Estoy seguro de que todos los venezolanos siempre tenemos el sueño de ir a la Gran Sabana. Crecemos viéndola a través de fotografías, escuchando sobre el aire de magia que allí se respira.



Aunque jamás en la vida se nos haya ocurrido hacer alguna excursión, ni siquiera a la montaña que vemos todos los días, soñamos con algún día escalar el tepuy más grande y mirar el horizonte desde sus alturas.

En 2008 ya no encontraba mi lugar en Venezuela, aunque no me podía despegar del todo. Empezaba mi vida de viajero y también comenzaba mi relación con Sonya, quien sería después mi esposa.

O sea, estaba a punto de dejar definitivamente Venezuela, sin un boleto de regreso seguro. Por lo que no podía desperdiciar la oportunidad de conocer al fin este paraje mágico.

A Sonya le fascinó el plan, más aún le encantaba la idea de escapar de Caracas un par de semanas. Así que bajamos a Maiquetía sin boletos todavía y nos dijeron en una compañía que conseguiríamos fácilmente vuelo ese mismo día, algo insólito hoy.

Todos los vuelos estaban llenos, pero decidimos esperar hasta última hora para ver si teníamos suerte, y así fue. Conseguimos dos lugares y ya estábamos en nuestros puestos justo a la hora de salida.

Sin embargo, nos tocó esperar dos horas más para que el avión partiera. Sonya ya estaba un poco molesta con la larga espera, no entendía porque nos hacían esperar de esta manera.

Yo intentaba calmarla, e incluso, debo admitir, me fastidiaba un poco su reacción.

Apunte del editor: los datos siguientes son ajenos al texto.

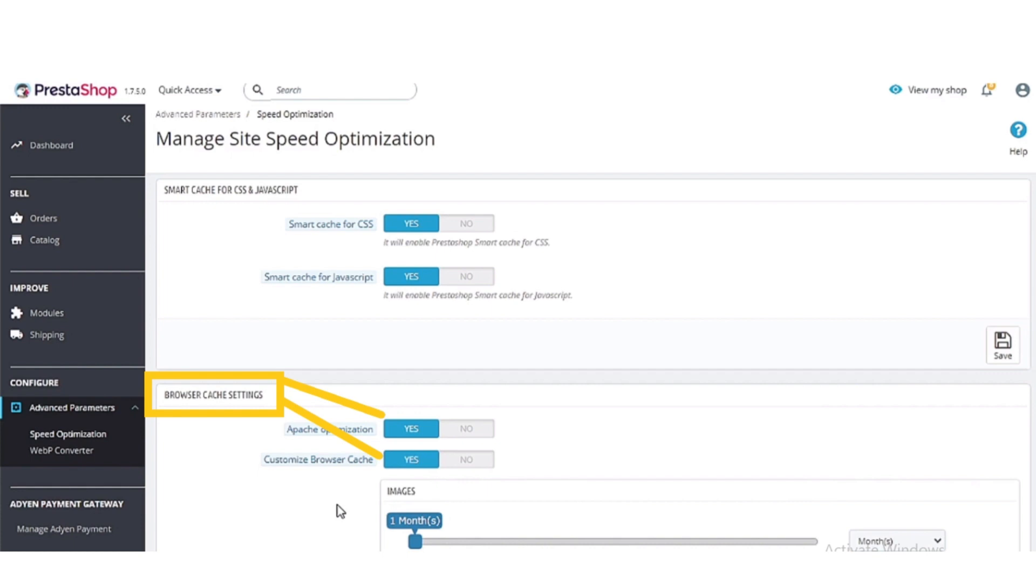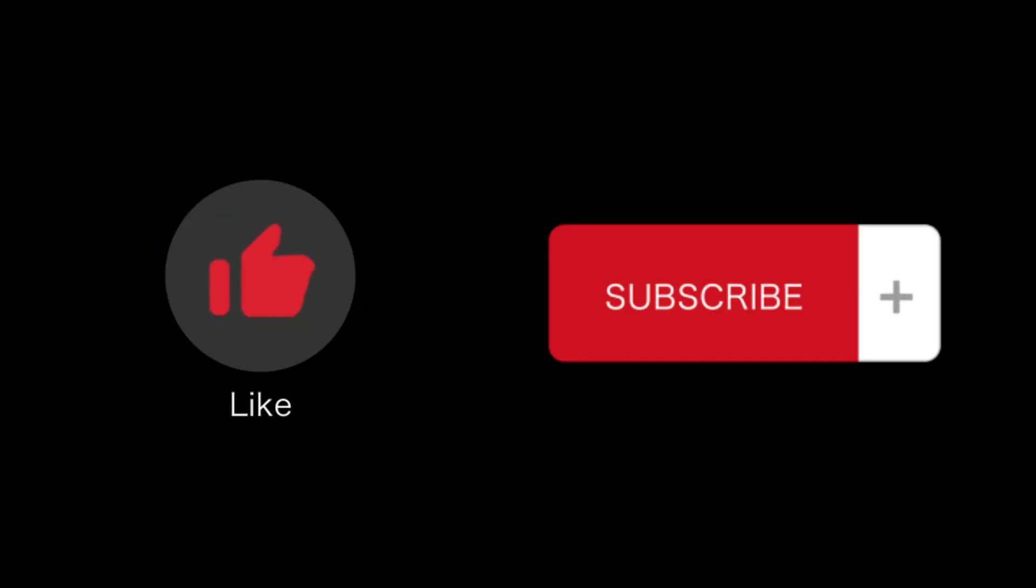That's how you will increase speed optimization in PrestaShop. That's all for this video. If you found this helpful, please like and subscribe to our channel. Thank you for watching.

Me parecía exagerada.

Cuando al fin llegamos a Puerto Ordaz, ella no podía dejar de mencionar lo absurdo que había sido. No podía creer que el retraso fuera más largo que el propio vuelo. Yo en verdad no podía comprender su molestia. Creo que aún tenía esa mala costumbre venezolana de resignarse ante el pésimo servicio.

Pasamos la noche en una posada cercana, y salimos temprano el día siguiente a Santa Elena de Uairén en bus, y luego en un jeep hasta la Gran Sabana.

Una vez allí dejamos atrás los percances del trayecto. Visitar este lugar sagrado resultó ser más emocionante de lo que esperaba. Es como visitar otro planeta.

Te encuentras desconectado del mundo y empiezas entrar en conexión con la naturaleza. A veces demasiado conectado, como con los puripuris, una clase de insecto bastante molesto.

Sonya vivía untándose repelente y aún así estaba llena de puntitos rojos que por su piel muy blanca se notaban aún más.

Por lo demás, todo nos tenía fascinados: los saltos de agua, los ríos. Recorrimos muchas cascadas asombrosas. Era casi imposible creer lo cristalinas que eran.

También nos parecieron hermosos los pueblos indígenas, con sus ventas de comida típica y dulces.

En ese momento llevábamos suficiente dinero en efectivo. Al no haber conexión telefónica no se puede pagar con tarjeta ni se pueden conformar los cheques. Me imagino que ahora todos los pagos se realizarán en dólares.

Menos mal que el servicio que contratamos, Reyna International Services, para ese momento nos ofrecían todas las comidas.

Al final del recorrido, Sonya me dijo que entendía porque, a pesar de las dificultades, los venezolanos teníamos tanto apego con este país.

—Estos paisajes no se ven en ninguna otra parte del mundo, ni haciendo zoom con la mejor cámara.

Imagínense, corres el cierre de tu carpa y te encuentras de frente con el cielo más despejado y azul del mundo y a lo lejos los tepúes inmensos.

Quién diría que este viaje a la Gran Sabana sería una de las cosas que más nos acercarían a Sonya Peck y a mí como pareja.